Consider the vector directional derivative of a matrix M that is the
function of a vector v, M(v), then if a is an arbitrary vector (LaTeX
expression) the definition of the directional derivative would be
a\cdot\nabla M(v) \equiv \lim_{h \rightarrow 0}\frac{M(v+ha)-M(v)}{h}
from this the properties of \nabla M(v) could be determined and if v is
expanded in a arbitrary basis the \nabla operator could also be
expanded. A similar treatment is possible for a matrix that is a
function of a matrix if the scalar product of two matrices is defined.

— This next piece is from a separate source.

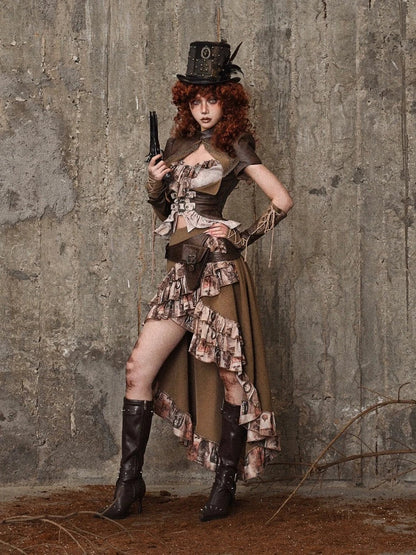 Ruffle Bustle Skirt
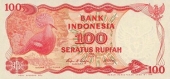Indonesia 100 Rupias 1.984 KM#122 SC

On 06/30/2011 04:20 AM, Aaron Meurer wrote:
As I pointed out in the other thread, non-commutative differentiation
already works in SymPy, so doing this should not be difficult.
Aaron Meurer
On Thu, Jun 30, 2011 at 1:58 AM, Amit<amiti...@gmail.com> wrote:
Hi,
I am not familiar with the internals of sympy. But I suggest that if
you start working on the implementation of symbolic matrices, you
should take into consideration more complicated operators like
differentiation.
'The Matrix Cookbook' has many matrix equalities that maybe can be
implemented using some kind of pattern recognition.
Amit
On Jun 28, 8:16 pm, Matthew Rocklin<mrock...@gmail.com> wrote:
@Brian - Thanks for the heads up Brian. I'll see what I can do with option
(1). My short term solution was to start a "matrixify" function a la
sympify. It would probably be too annoying to use everywhere though.
@Vinzent - Where is a good place to start learning about the new assumption
system (or the old one... I'm not up to speed on these)
On Tue, Jun 28, 2011 at 11:36 AM, Vinzent Steinberg<
vinzent.steinb...@googlemail.com> wrote:
On Jun 28, 4:32 am, Matthew Rocklin<mrock...@gmail.com> wrote:
Yeah, definitely. I must confess that a hidden passion of mine is
optimizing
linear algebra (we all have our quirks). I was just looking at Theano a
minute ago actually - I think it would be cool to easily dump Matrix
expressions onto them.
How should matrix expressions be represented in SymPy though? The way I
see
it there are three options
1. Leave it as a SymPy Expr, forget shape, transpose, rank, etc... for
now. Maybe future SymPy elegance will make clever things possible
(such as
issue 1941)
2. Enhance SymPy Expr's to play nice with Matrices
3. Subclass a family of MatrixExpr classes that live outside the core
Probably there are things I'm missing but this is how I separate things.
Because I'd like this done sooner rather than later I'm obviously in
favor
of 2 or 3 with a preference for 3. I don't know enough about SymPy
however
to tell whether this is the "right way" and I'd rather not work on
something
unless it has a chance at getting in.
I'll push again for three by saying that there is a lot going on in
Matrix
Expressions other than just non-commutativity and shape. Inverses,
transposes, rank, symmetry, positive_definiteness, conditioning, etc...
all
play a big role in computational decisions made on matrices. Additionally
matrix expressions are ubiquitous and important in the scientific
computing
world. From my (strongly biased) perspective they deserve special
treatment.
I think all this '.is_*' stuff should rather be implemented using the
new assumption system (not sure about shape, maybe this should really
go into the core). If we use noncommutative symbols, I think we can
avoid messing around with Mul and friends.
A.T could be implemented as a unary function.